"POETICIDADES E OUTRAS FALAS"
RUBENS DA CUNHA


Reside em Joinville, SC. Autor de "Campo Avesso" e "Visitações do Humano". Acadêmico de Letras. Escreve semanalmente no Jornal A Notícia e coordena o Grupo de Poetas Zaragata. Na Web tem o e-book: "A busca entre o vazio", disponível para download,
na URL: <http://www.arcosonline.com/index.php?option=content&task=view&id=146&Itemid=>.
Blog "Casa de Paragens": <www.casadeparagens.blogspot.com>.

Coluna de 9/8/2008
(próxima coluna: 26/8)

De corpo e alma

Em 2005, Regina Casé, numa série de reportagens para o Fantástico intitulada “Mercadão do Sucesso”, acompanhou alguns artistas populares que, à margem da mídia estabelecida no eixo Rio-São Paulo, conseguem arrastar multidões para shows, além de terem uma expressiva vendagem de discos. O programa foi ótimo. Toda aquela presença de espírito de Regina humanizou alguns tipos bem excêntricos.
Depois disso, os programas populares de televisão encheram as tardes de domingo com esses conjuntos e bandas. O que era um fenômeno da periferia cultural brasileira foi assimilado pelo sistema e disseminado para todas as outras regiões. O melhor exemplo disso é a banda Calypso. Não raro, podemos ver aqui em Santa Catarina uma garotinha com um daqueles sobrenomes germânicos impronunciáveis dominando a coreografia rebolante da cantora Joelma.
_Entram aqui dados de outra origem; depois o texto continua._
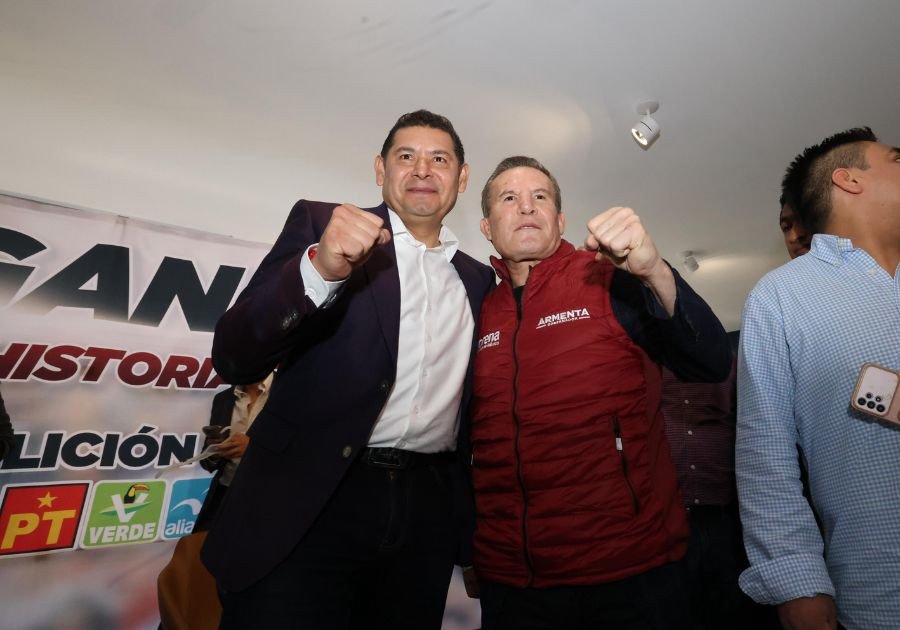Con Julio C&eacute;sar Ch&aacute;vez, por el deporte en Puebla: Armenta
Por força da tradição familiar, e por vontade mesmo, às vezes incorporo uma Regina Casé e invado este universo musical alijado da mídia e, principalmente, do bom gosto musical dos bem pensantes. Trata-se de um mundo paralelo à cultura dita séria. Para entender a dinâmica deste mundo é necessário esquecer conceitos pré-estabelecidos do que seja bom ou ruim artisticamente.
Aqui na região Sul uma das bandas mais longevas e de maior sucesso é a Corpo e Alma. Eles são over, como convém a toda banda popular. Roupas estilizadas, cabelos estranhos e uma música capaz de por um salão abaixo, durante mais de cinco horas. As músicas são aceleradas, algumas letras são tão absurdas que chegam às raias do nonsense. No site da banda podemos ver que ele se auto-denominam “A Banda Katchaquera”, seja lá o que isso quer dizer. Sei apenas que katchaquera é parte do refrão de uma destas musiquinhas chicletes que ficam martelando por horas: “Katchaquera, Katchaquera, rainha da noite, deusa do amor, bailando Katchaca te entreguei meu coração.”
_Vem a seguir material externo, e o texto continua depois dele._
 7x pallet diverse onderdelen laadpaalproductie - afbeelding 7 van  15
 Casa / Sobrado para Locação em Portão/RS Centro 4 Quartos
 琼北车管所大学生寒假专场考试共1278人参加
A banda arrasta uma multidão de tipos bem cinematográficos, almodovarianos mesmo. As mulheres exuberam-se nos decotes, botas, minissaias. Muito brilho e maquiagem. No último baile que fui com Corpo e Alma havia uma moça como que possuída na frente da caixa de som. Ela dançava sozinha, música após música aquela mulher transcendia. Interessante ver também os casais que já passaram dos quarenta dançando feito adolescentes apaixonados.
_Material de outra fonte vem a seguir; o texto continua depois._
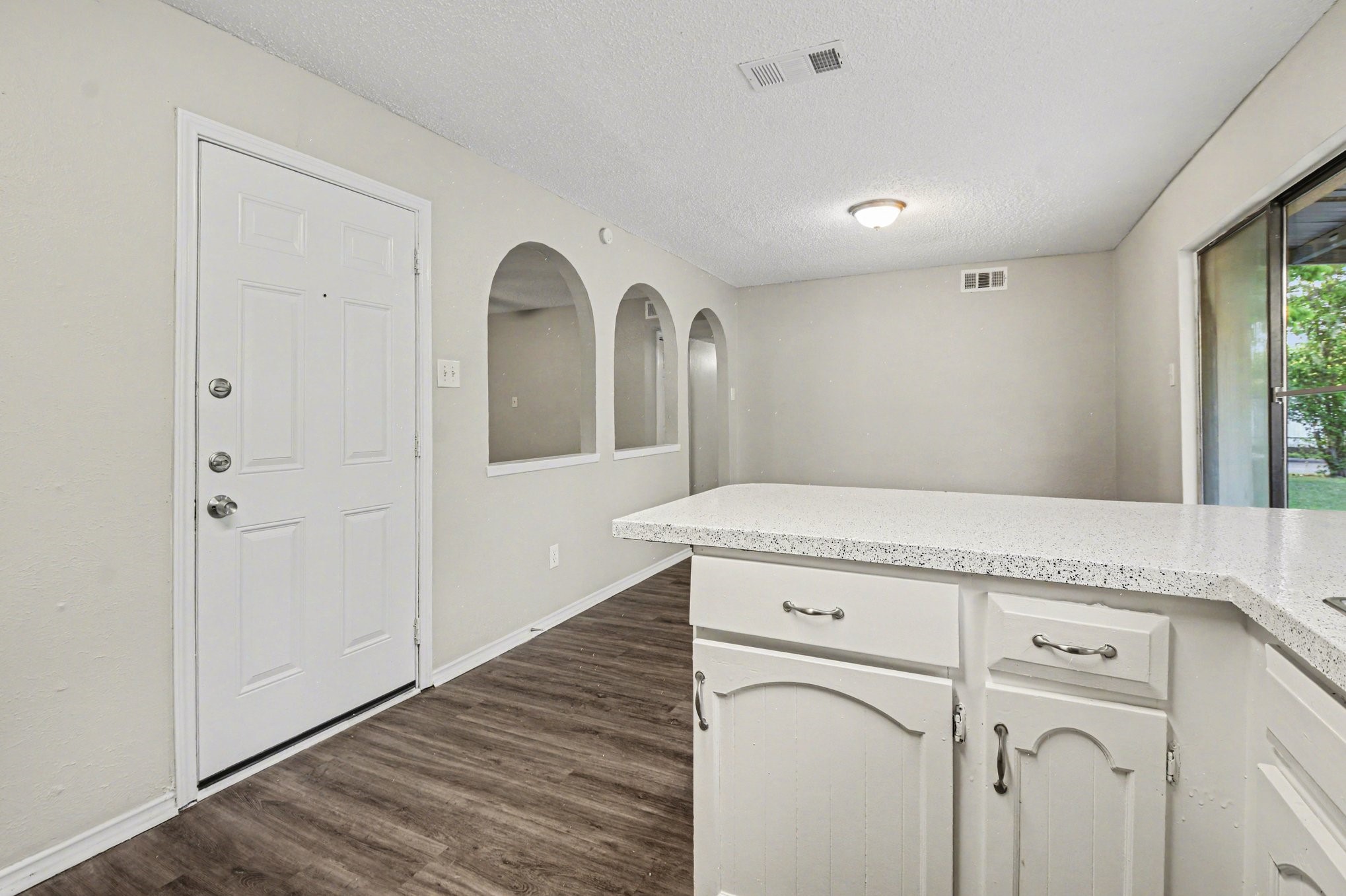 1601 Meridian Way Garland TX 75040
Num baile popular feito pelo Corpo e Alma e por bandas semelhantes há sempre uma sensualidade explícita. De dia, provavelmente, os freqüentadores são recatadas empregadas domésticas, operárias, mecânicos, borracheiros. Gente anônima que sustenta o País e que num sábado à noite extravasa tudo num baile.
Não estou falando de bom gosto, de requinte musical e artístico. Falo de liberdade, da alegria simples e descompromissada da gente do povo. A verdadeira cara do Brasil.